Сухая графика поэзии Е. Винокурова пропитывает сознание читающего крепкой живописностью бытия.
Маленькое чудо Винокуров умел создавать в пределах космоса строфы:
Что там ни говори, а мне дороже
И всё милее с каждым годом мне
И ритм деревьев, зябнущих до дрожи,
И ритм капели на моём окне…
Общность онтологического опыта – означенное и просвеченное лучами поэта ощущение знакомо многим. Точность формулировок Винокурова ювелирна.
Очевидна склонность к метафизическим изысканиям, отчасти способным объяснить жизнь, однако истина остаётся вне постижения – и полная неизвестность, какова же она? Выливается в такие строки:
Что мне она? И что я ей?
Какая в ней пожива?
А правда мне всего милей
одним: она не лжива.
Как мясо пёс, рывок – и съем!
Я жду со ртом разъятым,
ещё не зная, будет чем:
лекарством или ядом.
Лекарством порой могут быть иные стихи Винокурова: пронизанные спокойствием стоицизма и всепринятия жизни, каковой бы стороной ни поворачивалась.

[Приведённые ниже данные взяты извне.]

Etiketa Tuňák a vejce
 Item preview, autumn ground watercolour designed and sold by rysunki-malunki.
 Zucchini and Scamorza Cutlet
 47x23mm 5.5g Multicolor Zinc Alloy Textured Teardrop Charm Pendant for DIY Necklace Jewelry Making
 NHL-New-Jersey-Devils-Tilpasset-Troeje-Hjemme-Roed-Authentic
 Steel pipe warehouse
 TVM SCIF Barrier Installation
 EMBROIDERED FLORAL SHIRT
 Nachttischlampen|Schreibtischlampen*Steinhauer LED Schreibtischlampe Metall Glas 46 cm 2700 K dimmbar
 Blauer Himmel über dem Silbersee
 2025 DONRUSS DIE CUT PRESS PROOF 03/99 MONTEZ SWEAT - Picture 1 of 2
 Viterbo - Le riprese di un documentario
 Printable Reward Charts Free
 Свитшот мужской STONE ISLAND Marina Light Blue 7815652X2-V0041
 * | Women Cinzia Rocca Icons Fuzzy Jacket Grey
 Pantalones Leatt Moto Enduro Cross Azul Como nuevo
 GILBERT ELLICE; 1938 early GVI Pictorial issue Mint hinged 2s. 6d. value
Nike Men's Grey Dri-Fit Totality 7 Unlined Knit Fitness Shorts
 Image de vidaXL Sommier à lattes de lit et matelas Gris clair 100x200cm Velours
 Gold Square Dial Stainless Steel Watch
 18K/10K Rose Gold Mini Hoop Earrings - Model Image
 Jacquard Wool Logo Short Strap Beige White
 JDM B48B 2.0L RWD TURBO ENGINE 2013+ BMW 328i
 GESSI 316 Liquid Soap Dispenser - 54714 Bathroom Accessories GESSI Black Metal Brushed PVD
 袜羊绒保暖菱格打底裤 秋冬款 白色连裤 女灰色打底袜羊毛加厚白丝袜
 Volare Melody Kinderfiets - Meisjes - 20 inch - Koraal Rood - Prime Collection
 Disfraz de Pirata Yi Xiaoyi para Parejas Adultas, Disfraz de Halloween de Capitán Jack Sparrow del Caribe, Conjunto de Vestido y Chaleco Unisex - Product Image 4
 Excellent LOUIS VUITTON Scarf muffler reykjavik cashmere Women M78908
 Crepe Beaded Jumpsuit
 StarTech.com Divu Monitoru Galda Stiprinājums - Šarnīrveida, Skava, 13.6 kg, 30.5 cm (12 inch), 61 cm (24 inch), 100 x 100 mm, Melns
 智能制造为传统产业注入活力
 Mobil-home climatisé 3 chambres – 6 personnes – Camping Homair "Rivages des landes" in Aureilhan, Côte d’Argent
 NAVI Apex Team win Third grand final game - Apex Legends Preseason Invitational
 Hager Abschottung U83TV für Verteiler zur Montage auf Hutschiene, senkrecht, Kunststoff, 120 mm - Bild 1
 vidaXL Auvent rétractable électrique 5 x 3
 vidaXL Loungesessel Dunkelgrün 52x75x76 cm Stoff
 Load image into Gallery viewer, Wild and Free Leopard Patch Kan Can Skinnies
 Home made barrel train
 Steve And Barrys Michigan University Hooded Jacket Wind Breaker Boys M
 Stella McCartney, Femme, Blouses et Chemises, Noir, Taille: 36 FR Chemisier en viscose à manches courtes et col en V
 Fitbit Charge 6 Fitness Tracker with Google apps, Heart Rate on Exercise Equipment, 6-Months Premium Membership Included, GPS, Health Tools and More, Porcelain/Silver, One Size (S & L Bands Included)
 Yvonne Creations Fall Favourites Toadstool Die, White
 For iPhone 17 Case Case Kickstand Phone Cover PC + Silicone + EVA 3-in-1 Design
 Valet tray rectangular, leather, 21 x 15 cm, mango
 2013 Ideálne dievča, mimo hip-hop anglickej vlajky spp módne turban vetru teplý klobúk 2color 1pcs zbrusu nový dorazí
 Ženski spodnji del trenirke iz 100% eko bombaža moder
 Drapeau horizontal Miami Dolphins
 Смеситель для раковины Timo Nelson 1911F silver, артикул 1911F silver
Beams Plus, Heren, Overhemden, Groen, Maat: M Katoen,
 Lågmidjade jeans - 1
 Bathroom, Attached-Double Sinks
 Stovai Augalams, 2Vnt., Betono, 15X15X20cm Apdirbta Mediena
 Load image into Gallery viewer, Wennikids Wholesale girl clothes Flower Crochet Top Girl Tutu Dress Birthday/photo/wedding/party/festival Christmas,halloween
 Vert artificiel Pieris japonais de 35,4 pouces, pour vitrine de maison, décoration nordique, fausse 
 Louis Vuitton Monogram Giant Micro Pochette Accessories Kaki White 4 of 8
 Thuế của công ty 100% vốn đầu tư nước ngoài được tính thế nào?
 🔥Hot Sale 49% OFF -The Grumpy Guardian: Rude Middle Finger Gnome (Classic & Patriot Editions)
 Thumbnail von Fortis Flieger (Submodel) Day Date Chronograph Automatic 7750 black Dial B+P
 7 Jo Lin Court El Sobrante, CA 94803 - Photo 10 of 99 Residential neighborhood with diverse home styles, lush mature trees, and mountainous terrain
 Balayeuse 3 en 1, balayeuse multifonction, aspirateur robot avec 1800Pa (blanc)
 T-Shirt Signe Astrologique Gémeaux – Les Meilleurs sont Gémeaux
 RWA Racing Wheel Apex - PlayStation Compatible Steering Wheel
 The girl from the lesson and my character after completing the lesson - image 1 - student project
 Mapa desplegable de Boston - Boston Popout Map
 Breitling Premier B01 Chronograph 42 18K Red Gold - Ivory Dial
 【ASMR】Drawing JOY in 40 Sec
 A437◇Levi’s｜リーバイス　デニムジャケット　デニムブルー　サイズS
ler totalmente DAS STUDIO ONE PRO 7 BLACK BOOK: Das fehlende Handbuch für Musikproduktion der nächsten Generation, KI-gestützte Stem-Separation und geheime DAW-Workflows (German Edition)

Хорошо мерцает амбивалентность жизни:
Я жизнь свою, как бритву, тонко правил:
хотел, чтоб без зазубринки была…
Жизнь оказалась просто шире правил
любых! Она черна. Она бела.
Крупно зажигал поэтические огни Винокуров, и стоит, как бы ни крутили апоэтические времена, вглядеться в их свет.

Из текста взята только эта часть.